--- Exercise inputs Enclosed Below ---
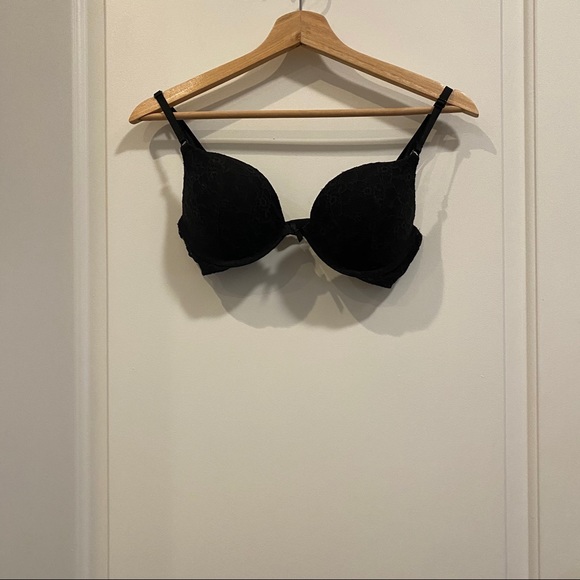 Victoria’s Secret Push-Up Bra - Picture 2 of 3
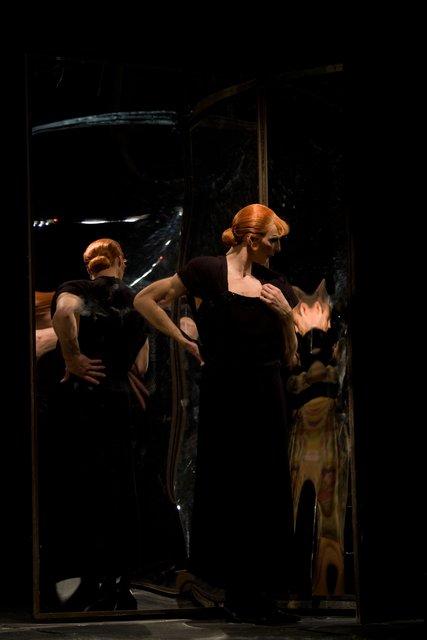Andrey Berezin dans « Les Sept Péchés capitaux » de Pina Bausch avec Tanztheater Wuppertal au Schauspielhaus Wuppertal (Allemagne), 27 novembre 2008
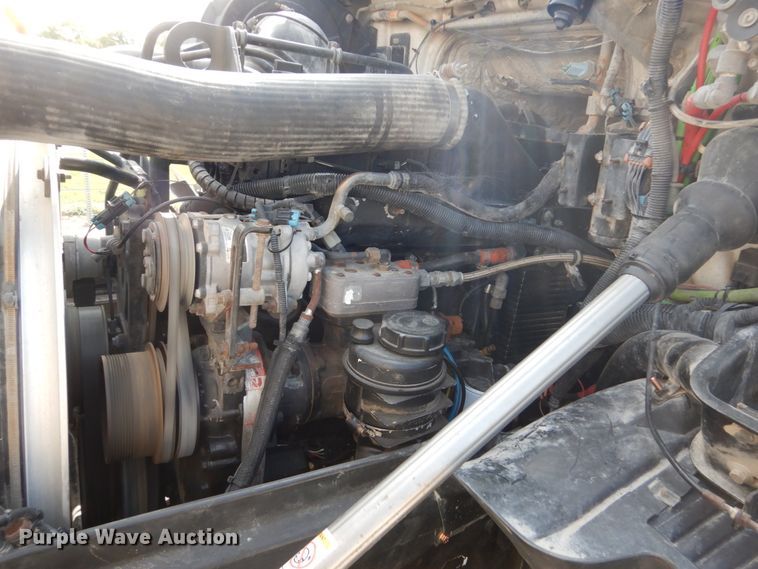 image for item HP9821 2000 Volvo VN  semi truck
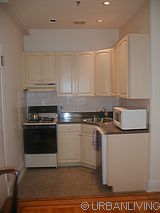 House Clinton Hill - Kitchen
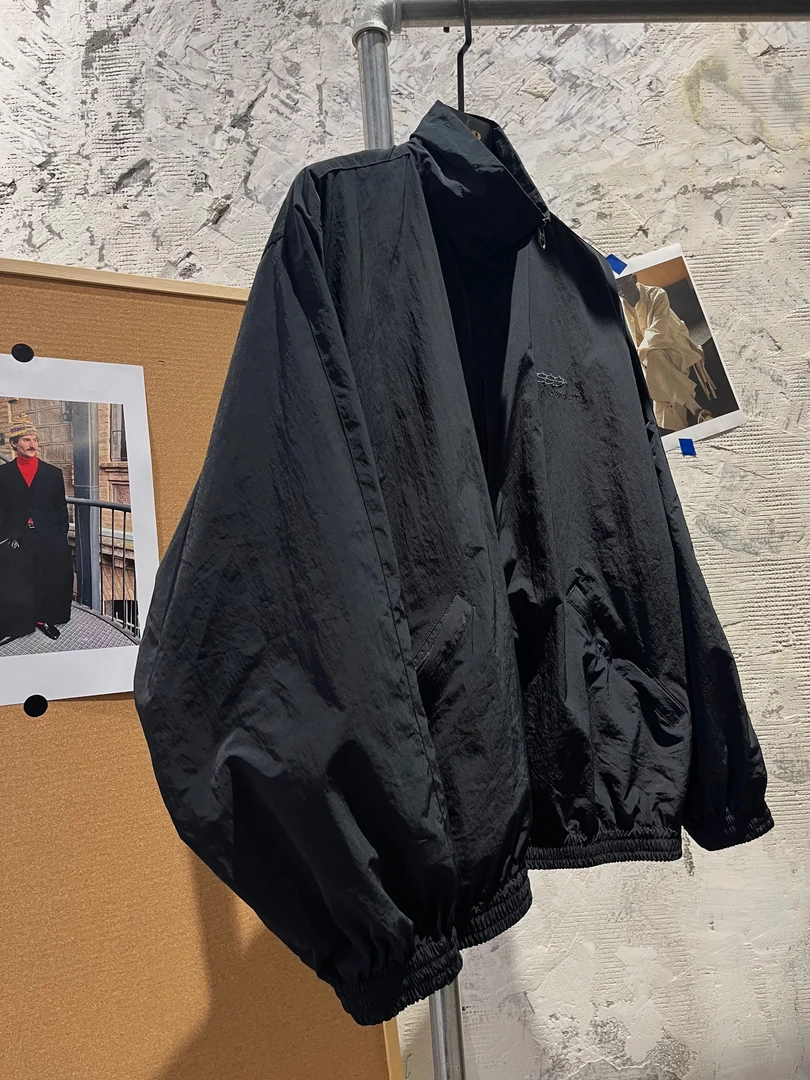 VIPstudio 【 25/秋 】 设计款巴家街潮高街立领廓形冲锋衣夹克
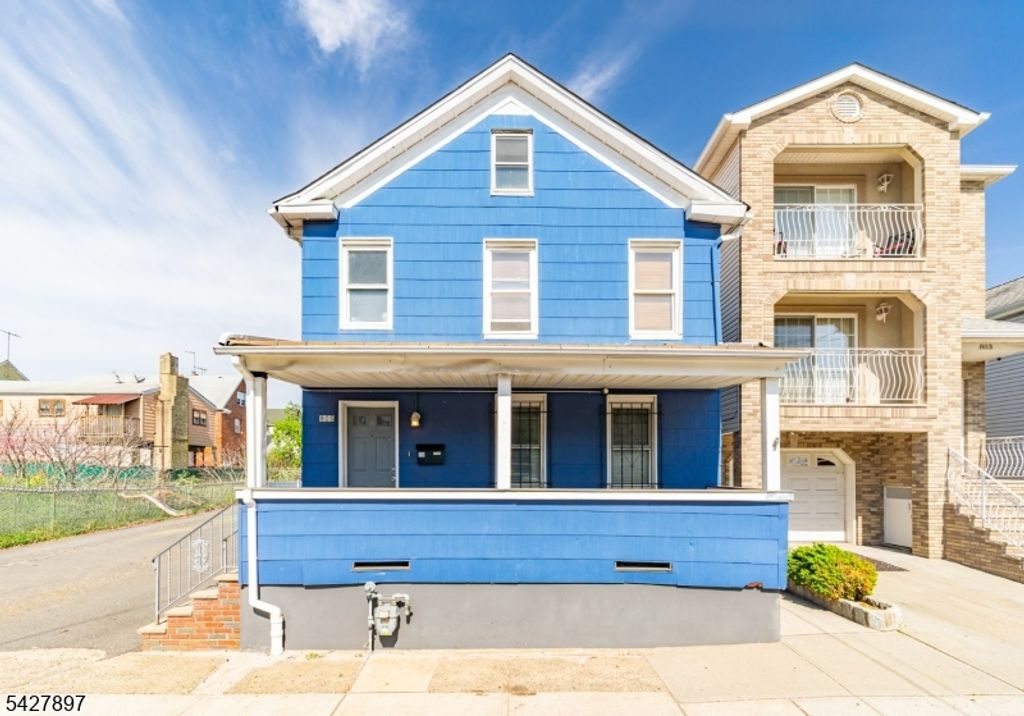 805 4Th Ave, Elizabeth City, NJ 07202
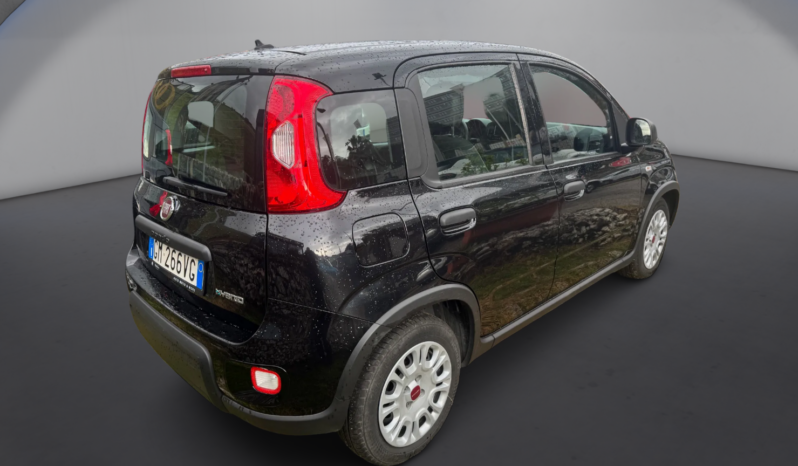 
								FIAT Panda 1.0cc Hybrid 70cv MY23 full									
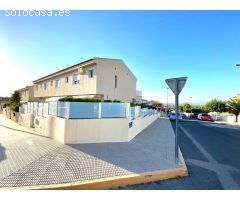 BENIJOFAR. CHALET TIPO TRIPLEX CON PISCINA COMUNITARIA. Preciosa vivienda con mucha iluminación, dos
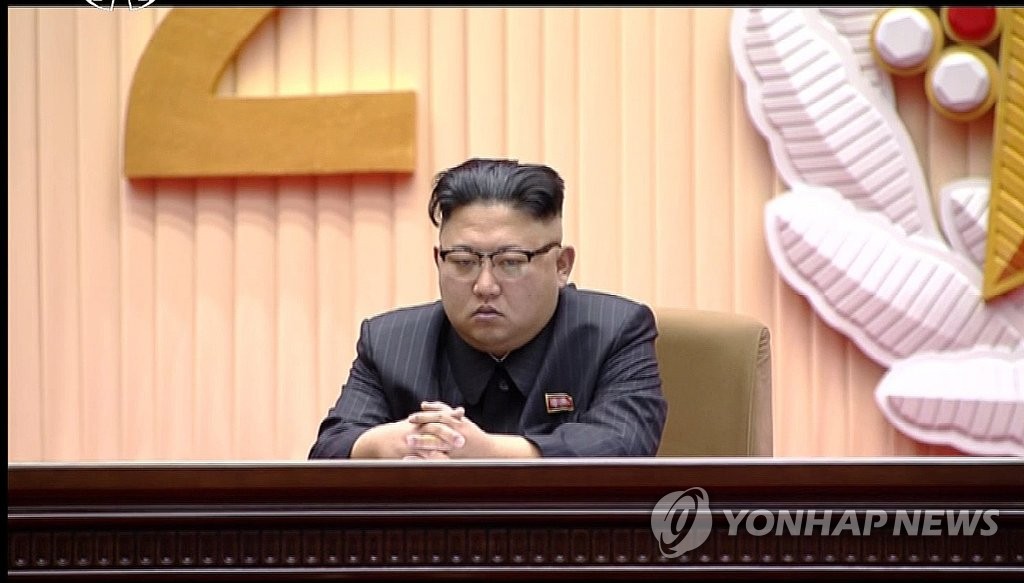 굳은 표정의 김정은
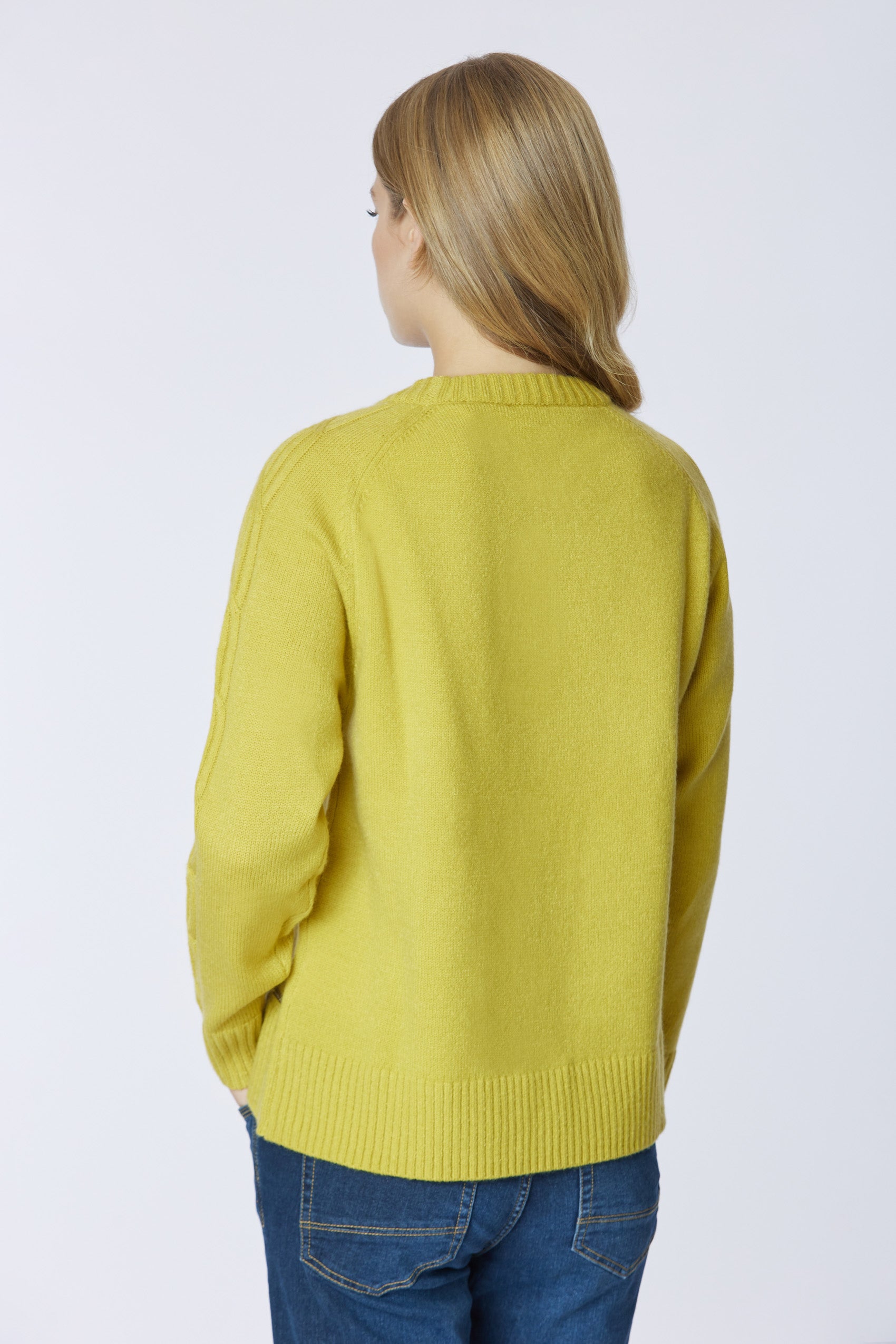 Maglia girocollo con lavorazione a treccia sulle maniche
--- End of Enclosed Exercise inputs ---
■ **Your objective**:
Your answer must be an exact copy of the records, free of images.

■ **Your solution**:
 Victoria’s Secret Push-Up Bra - Picture 2 of 3
Andrey Berezin dans « Les Sept Péchés capitaux » de Pina Bausch avec Tanztheater Wuppertal au Schauspielhaus Wuppertal (Allemagne), 27 novembre 2008
 image for item HP9821 2000 Volvo VN  semi truck
 House Clinton Hill - Kitchen
 VIPstudio 【 25/秋 】 设计款巴家街潮高街立领廓形冲锋衣夹克
 805 4Th Ave, Elizabeth City, NJ 07202
								FIAT Panda 1.0cc Hybrid 70cv MY23 full									
 BENIJOFAR. CHALET TIPO TRIPLEX CON PISCINA COMUNITARIA. Preciosa vivienda con mucha iluminación, dos
 굳은 표정의 김정은
 Maglia girocollo con lavorazione a treccia sulle maniche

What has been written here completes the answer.